(Records excerpted from a collection)
----------------

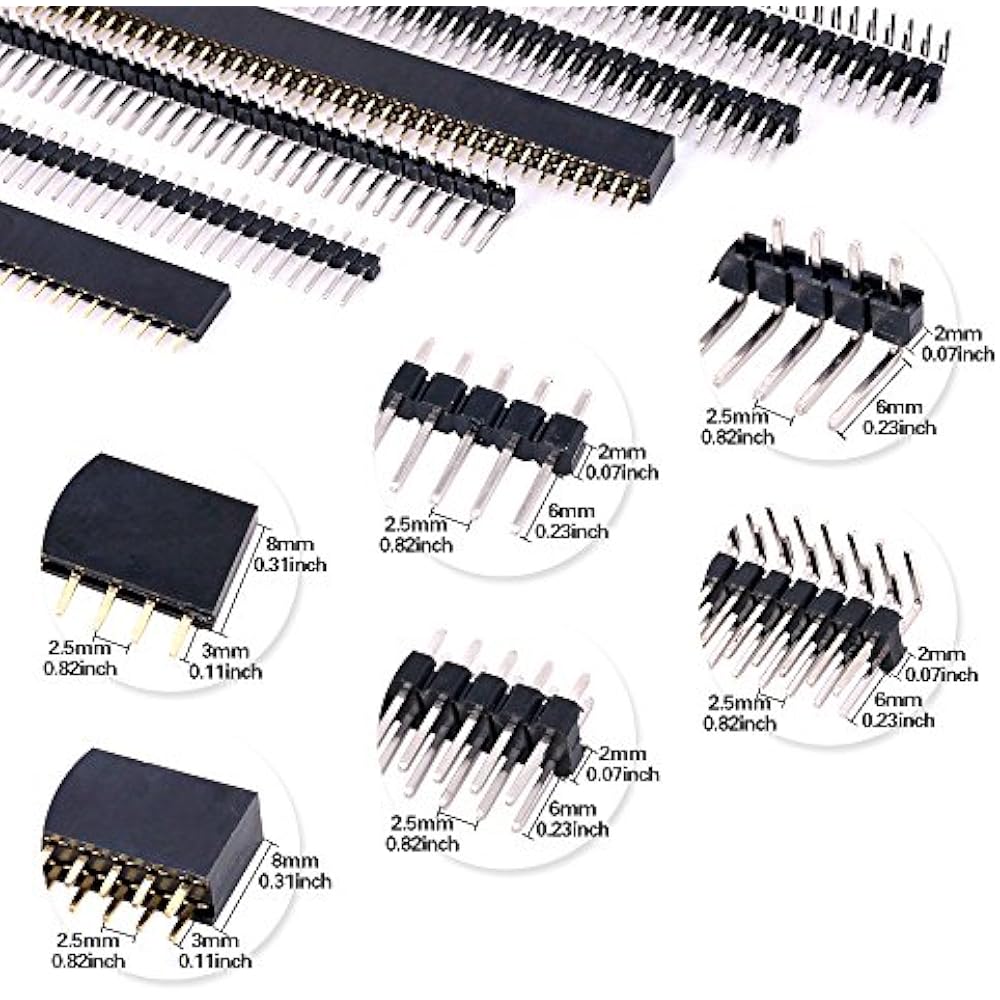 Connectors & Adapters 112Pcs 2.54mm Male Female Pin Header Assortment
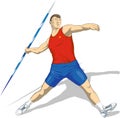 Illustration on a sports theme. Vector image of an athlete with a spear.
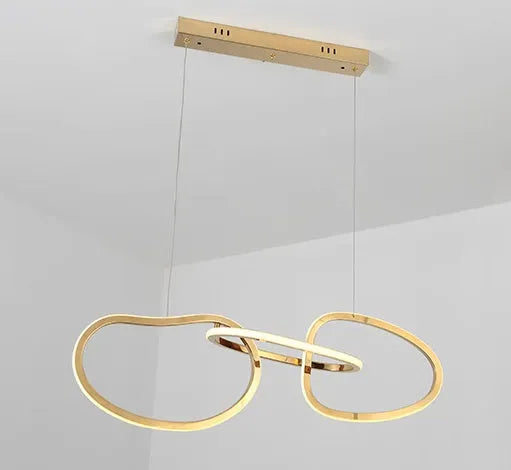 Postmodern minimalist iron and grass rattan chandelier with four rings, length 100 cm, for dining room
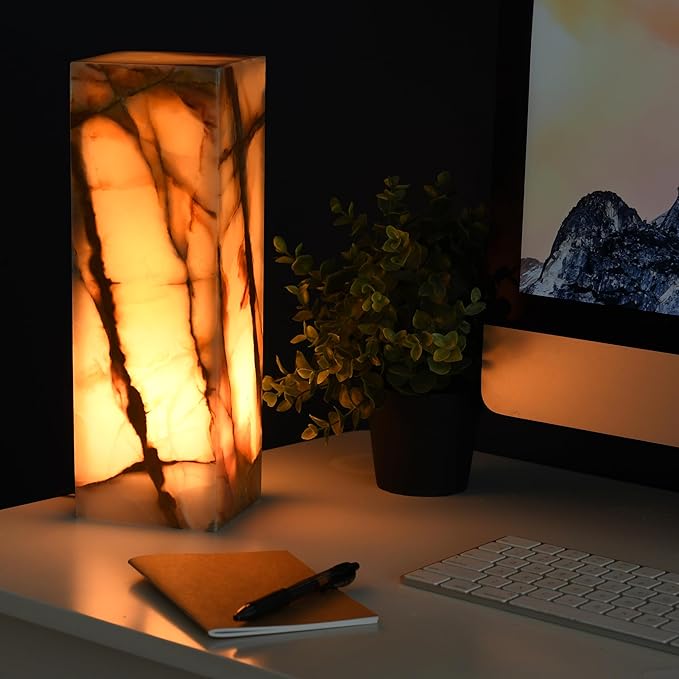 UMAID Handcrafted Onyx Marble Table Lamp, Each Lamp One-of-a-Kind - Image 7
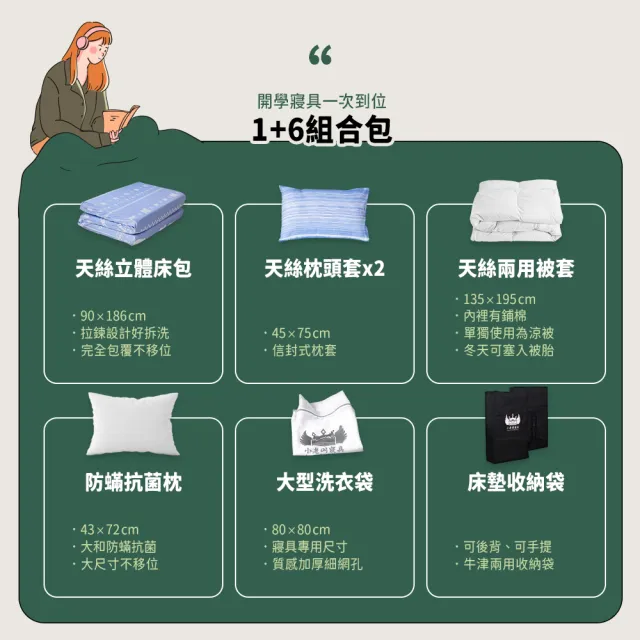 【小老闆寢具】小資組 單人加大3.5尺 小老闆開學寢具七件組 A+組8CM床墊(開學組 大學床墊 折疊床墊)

----------------

Return all of the entries word for word, but omit the pictures.

* **Exercise result**:
 Connectors & Adapters 112Pcs 2.54mm Male Female Pin Header Assortment
 Illustration on a sports theme. Vector image of an athlete with a spear.
 Postmodern minimalist iron and grass rattan chandelier with four rings, length 100 cm, for dining room
 UMAID Handcrafted Onyx Marble Table Lamp, Each Lamp One-of-a-Kind - Image 7
 【小老闆寢具】小資組 單人加大3.5尺 小老闆開學寢具七件組 A+組8CM床墊(開學組 大學床墊 折疊床墊)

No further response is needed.